After being split up into our small groups, our squad “Team Alpha” planned and mapped out our day so that we would be able to cover the itinerary with enough time to truly experience each moment. We first visited the Memorial to the Murdered Jews. This powerful name only just begins to invoke the sense of evil and destruction that happened to a particular people group under the prerogative of a dictator. I found it very interesting that the city did not simply want this to pass beyond memory, but instead wanted this memory to remain in the forefront, a memory that would remain stitched in with the fabric of its being. This was apparent by the layout of the memorial: a large block of land dedicated to those who were taken in the anti-semitic violence right in the middle of the city. It served to make a statement that this must always be in the minds and hearts of Berlin.
After we saw the memorial, we went to the museum underneath the memorial. This was the most difficult experience of the entire day. The museum was a dedication the victims of the systematic murders of an entire people group. It almost made us feel as if we were responsible for all of these deaths, which in a sense we were. As a global population, we did not do enough to stop such a genocide until it was too late and the damage had already been done in the millions. It nevertheless was almost unreal and impossible to comprehend in this day and age. This is why I believe it is so important to continue preserving this memory. Because it did happen, it is possible to happen again and thus it is necessary to hold it in our minds always so that we can learn from our mistakes and move forward as a global culture. Because of the cyclic nature of history, it is very possible that we will face the same challenges and pressures of propaganda and fear.

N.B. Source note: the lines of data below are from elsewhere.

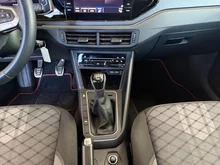 VW Polo R-Line TSI in Pure White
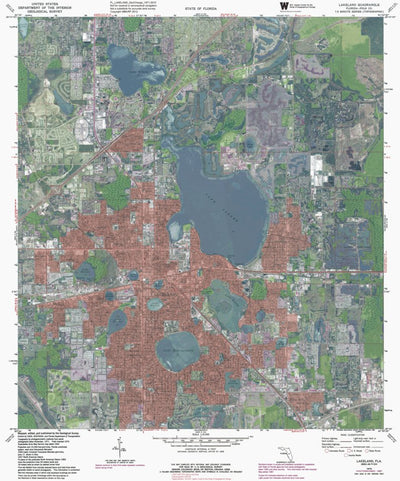 FL-LAKELAND: GeoChange 1971-2010 Preview 1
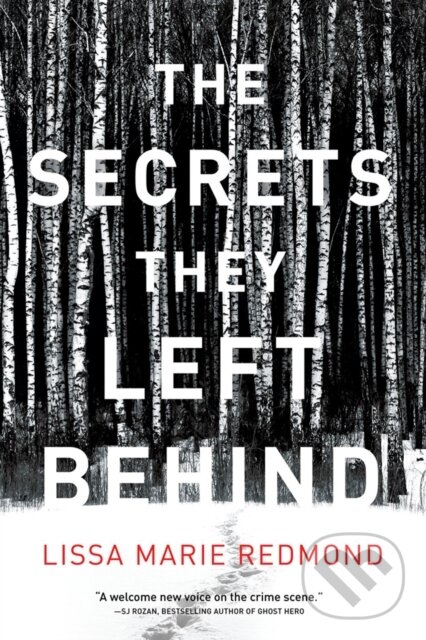 Kniha: The Secrets They Left Behind (Lissa Marie Redmond). , 2020 Kniha: The Secrets They Left Behind (Lissa Marie Redmond). , 2020
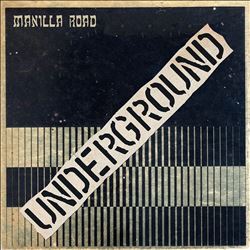 Underground [Splatter Vinyl]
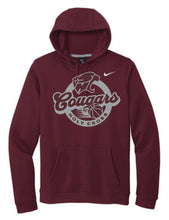 Load image into Gallery viewer, Holy Cross Girls Basketball Nike Hoodie - SELECT A LOGO
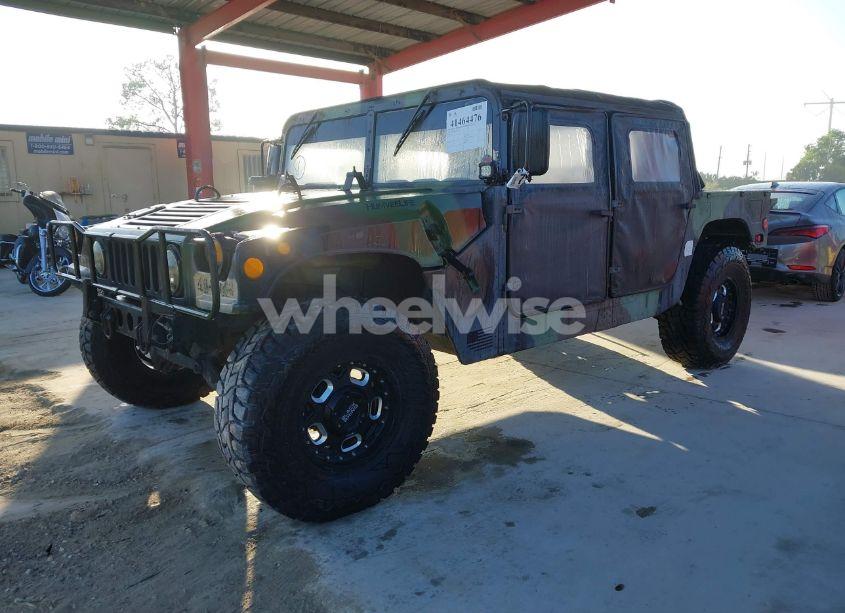 Photo 2 of 1989 American General H1 (VIN 068917)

To reflect on the experience we just shared with Berlin’s most intimate and awful history, Team Alpha headed to my favorite location of the day: Tiergarten. This beautiful, expansive park stretched further than the eye could comprehend. It encompassed, rivers, ponds, open fields, forest-covered paths, and beautiful sculptures and memorials. The quietness of this space despite its location in the middle of a bustling city was what made it so captivating to me. It seemed to me that this natural work of art was intentionally preserved in the middle of the city to bring beauty to the troubled story of Berlin. The space brought a sense of healing to our group after we had just bore witness the destruction implemented by the same nation. It was not a hiding place per se, but instead it was a place where one could remember and be comforted in knowing that all people of all backgrounds, religions, and national affiliations can enjoy the same space: a sort of call to love your neighbor through the beauty of the world, a beauty we need to preserve and work to hold. It is a testament to the fact that hate is not innate to our being, but it is instead taught by our interactions toward one another. To grow as a global population, we must learn to teach love and acceptance in the face of fear and hate. This is something the Berlin has come to terms with and it is something that we as a group need to bring back to the United States.